From the above study, the error of estimation bathymetry data is the key parameter for determining the Kalman gain coefficient in the Kalman fusion method. To do this, the leave-one-out-cross-validation (LOOCV) algorithm is used to calculate the error of estimation bathymetry, which is divided into a training data set and a validation data set, respectively. The training data set is used to form the training model; the validation data set is used to evaluate the accuracy of the model. Usually, the LOOCV algorithm indicates that one data set is selected as the validation data from the sample data set containing $n$ items, and the residual $n-1$ items constitute the training sample to calculate the mean squared error (MSE). Equation (10) represents the calculation of the error of the training data set, where ${\tau }_i$ denotes the $i-th$ training data, and ${\tau }_i{}^{\prime }$ denotes the prediction value of the $i-th$ training data, which is generally obtained based on the mean value or by weighting.

$$err(x,y)=\frac{1}{n-1}{{\displaystyle \sum _{i=1}^{n-1}({\tau }_i-{\tau }_i{}^{\prime })}}^2$$

(10)

The error of the predicted data can be obtained based on the errors of the training samples. Equation (11) represents the error calculation method for the validation data set, and $(x,y)$ represents the corresponding points of the data.

$$E_n=\frac{1}{n-1}{\displaystyle \sum _{k=1}^{n-1}err(x,y)}$$

(11)

The bathymetry error of each point can be calculated based on the LOOCV method.
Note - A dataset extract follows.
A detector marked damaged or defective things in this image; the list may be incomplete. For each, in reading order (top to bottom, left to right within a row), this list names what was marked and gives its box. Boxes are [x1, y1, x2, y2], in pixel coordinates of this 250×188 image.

Then, we take the bathymetry data on each point as validation data separately, with the bathymetry data around the point as the training data set, and we obtain the predicted bathymetry of validation data according to the weights of the distances. The predicted bathymetry values on the observation points can be expressed as

$$B_{Int}={\displaystyle \sum _{i=1}^n\frac{\frac{1}{t_i}}{{\displaystyle \sum _{i=1}^n\frac{1}{t_i}}}}·B_i$$

(12)

where $B_{Int}$ is the bathymetry of the interpolation point, $B_i$ denotes the bathymetry of the points around the observation point, and t_i is the distance between the points around the interpolation point and the observation point. The coordinates of the points are all expressed using the WGS-84 coordinate system.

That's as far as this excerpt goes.